Other collaborations occurred between director Hsieh and the producers at SIS, due to Hsieh’s heavy commitments to two other concurrent productions. “There were several run-throughs which were videotapes for me to watch later,” he said, “and I was lucky to have the trust and talents of the producers to rely on to work on certain elements in my stead.”
Beyond that, the SIS producers teamed up with the new INScape Arts Center space to highlight Lim’s theme of immigration. “The idea first came when, back in 2010, I went on the first open house tour for the new INScape Arts Center, where Seattle’s immigration center known as the INS Building had been reconverted into arts spaces,” said SIS producer Kathy Hsieh (and sister to director David Hsieh). “As I was walking through the halls, I could feel the history of the building and thought it would be great to do a play about immigration in the building.”
As she continued to tour the new space, producer Hsieh felt a flash of inspiration. “I came upon the outdoor courtyard at INScape—it’s an enclosed exterior space on the second floor of the building and the only place where those detained at the center were allowed to get fresh air and some exercise,” she said. “A scene from the play Paper Angels by Genny Lim flashed in my head.”

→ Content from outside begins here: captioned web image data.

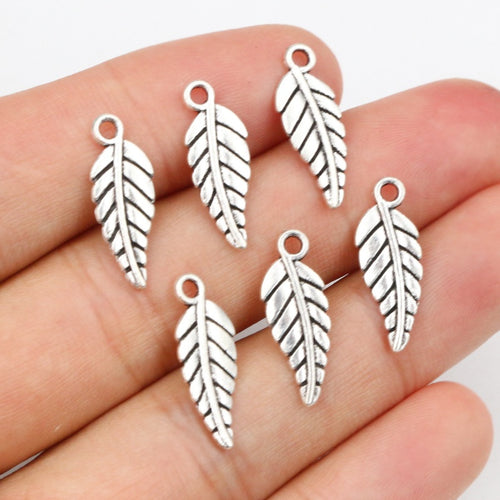 Alloy Leaf Pendant 19x6mm 0.5g For DIY Jewelry Accessories Necklace Bracelet Charms
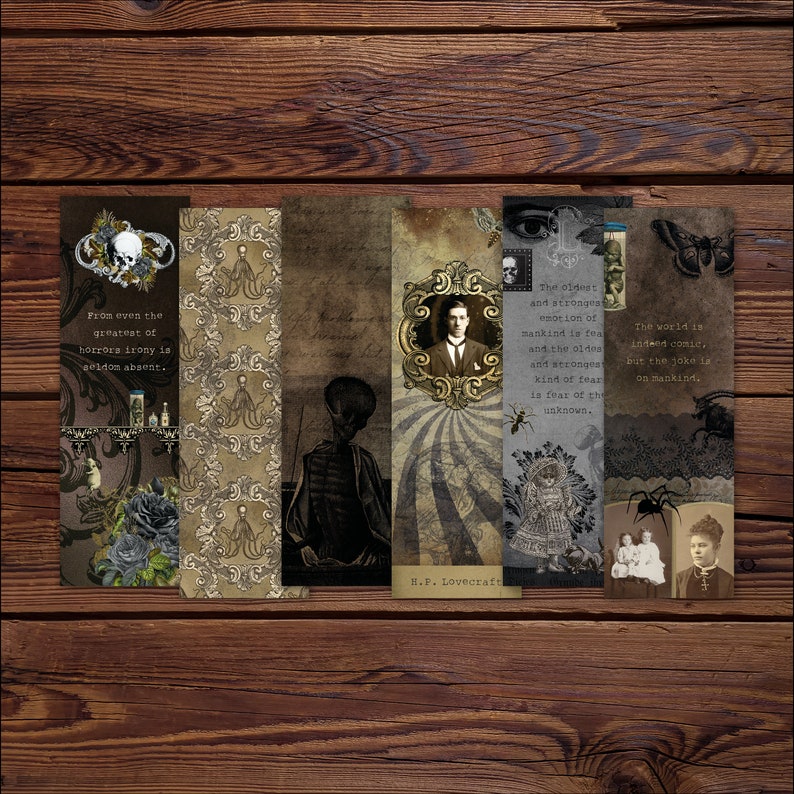 gothic horror bookmark bundle digital printable bookmarks etsy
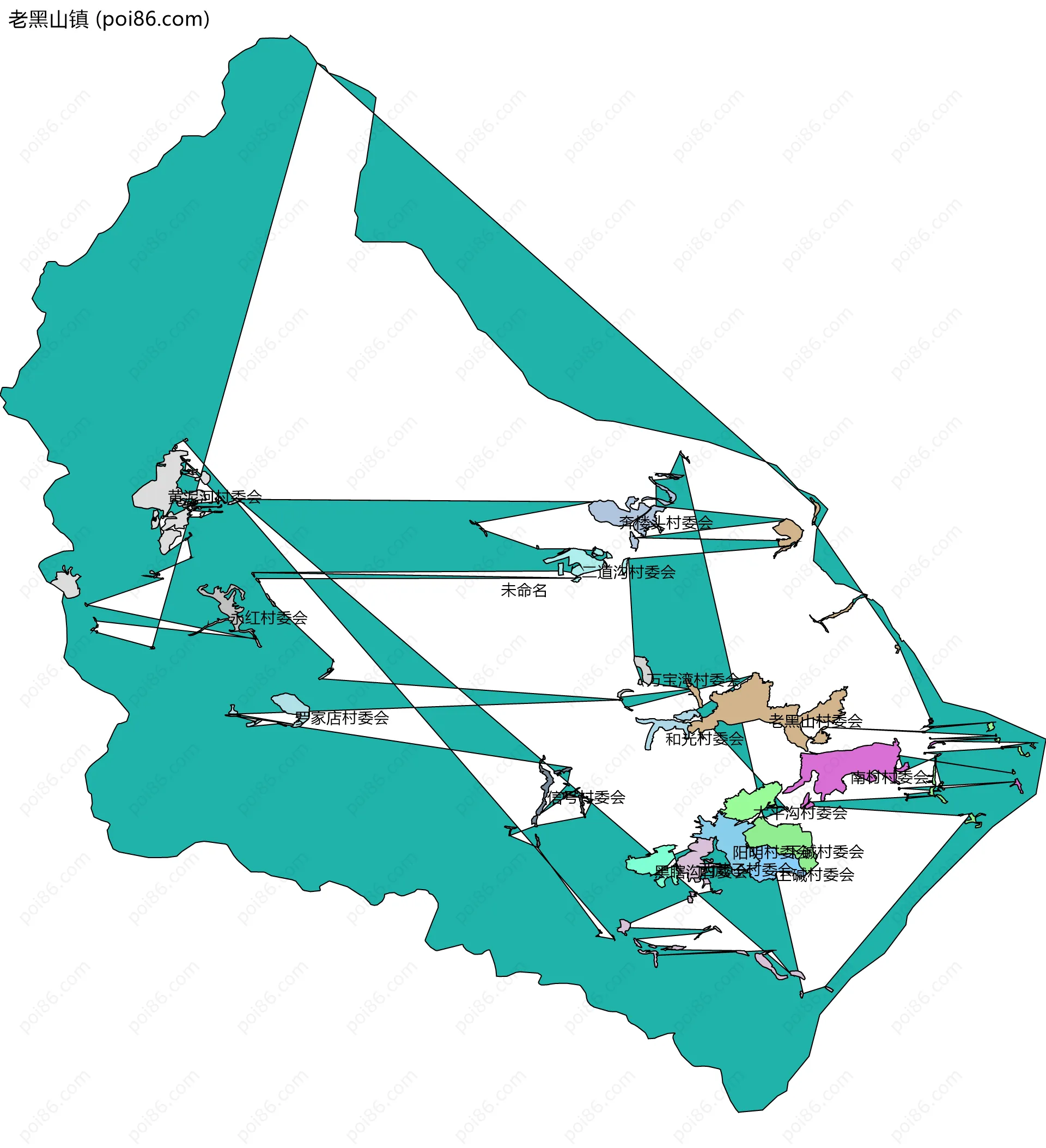 老黑山镇边界地图(五级行政区划)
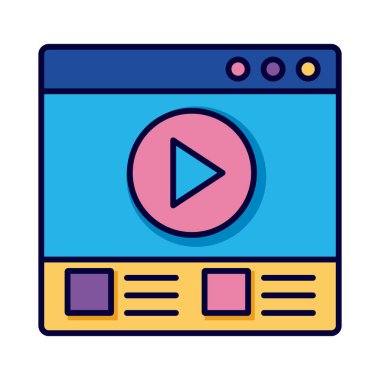 Web sayfasını oynat düğmesi eğitimi çevrimiçi satırı ve biçim simgesini doldur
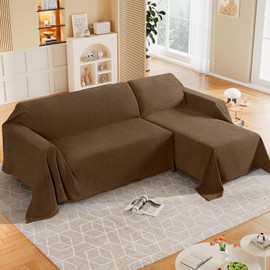 KinCam Couch Covers Washable Oversized Chair Cover Armchair Cover for Dogs Tassel Recliner Chair Sofa Cover Blanket Pet Friendly Soft and Durable for Most Furniture (71" x 71", Dark Coffee)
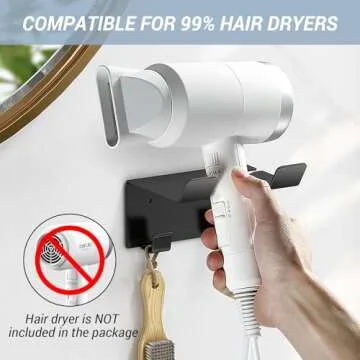 High-Quality Hair Dryer Holder Wall Mount for Easy Access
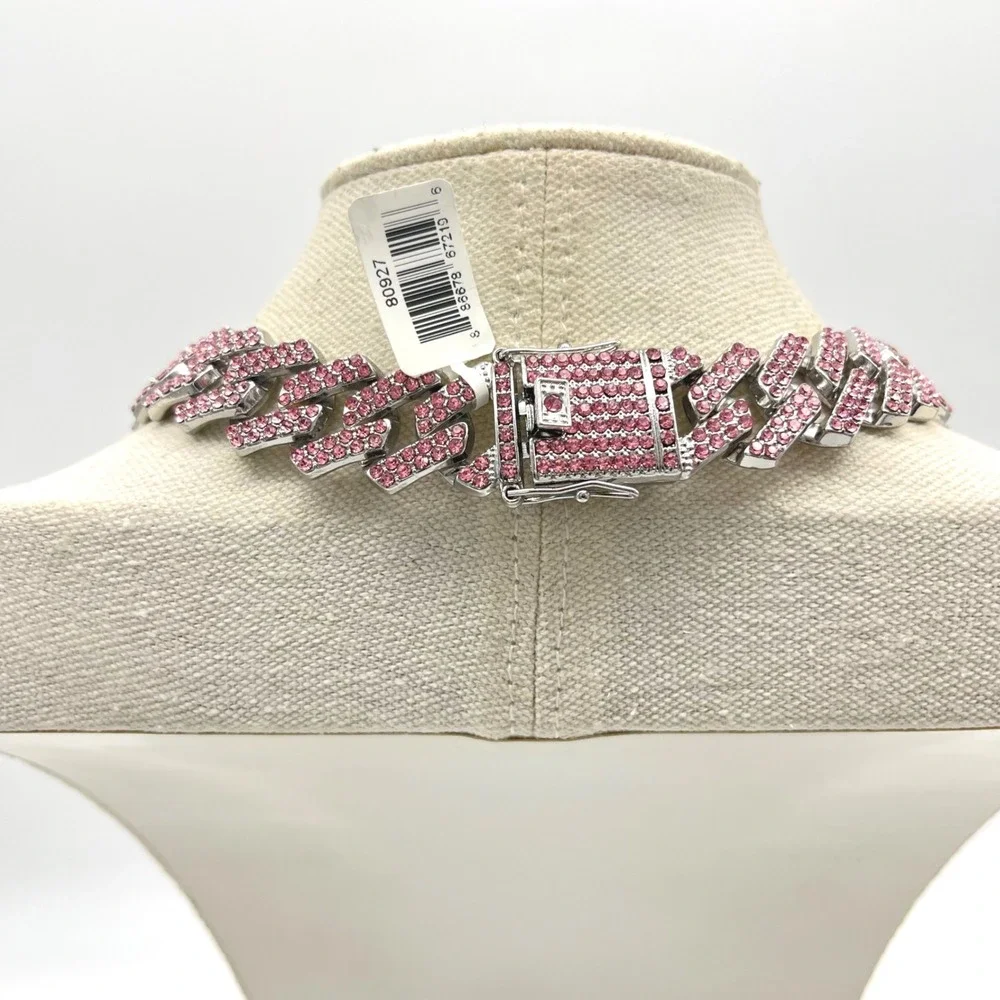 Invicta Pink Crystal Iced Out Cuban Link Chain Necklace Silver Tone 22 Inch‎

After sharing her idea with the other SIS producers, their artistic team explored the project further. “Our Literary Manager, Roger Tang—having produced the local student production decades ago—was able to get a hold of Genny Lim to inquire about doing the show and she’s been incredibly gracious,” producer Hsieh said.
Kathy Hsieh explains that the logic behind the double-casting and the wider community collaborations is to expand the outreach of Paper Angels as much as possible. “We thought, if we ever did Paper Angels, we should do it with the possibility of being able to tour it in mind,” Hsieh said. “This would mean double-casting the show so that, between all the actors, we might be able to pull one cast together for any tour.”
To test that idea, SIS has performed the show in Tacoma before bringing it to Seattle for the latter half of August, and they are actively seeking additional opportunities. “We and the cast are still looking for colleges and other groups that may be interested in booking the show,” she said, welcoming interested parties to contact SIS Productions directly.
While Lim is unable to attend SIS’ Seattle production, she has fond memories of the 1983 production of the play by the Asian Theater Group at the Ethnic Cultural Center in Seattle’s University District and would welcome a new life for the play. “I would be very curious to see how the production looks today,” Lim said.
Lim also has aspirations to continue her work in theatre. “I would like to write another play, possibly trying to tie the connective threads among the oppressed and occupied of the world,” she said. “There’s a common theme that underlies the seemingly unrelated man-made phenomena of Gaza and Ferguson, Tibet and Afghanistan, etc. It’s still too big and broad for me to wrap my head around as yet.”
However, Lim expressed an interest in seeing a revival of Asian American theatre nationwide, and adding her voice may help this goal come to fruition. “I’d like to find the through-line,” she said.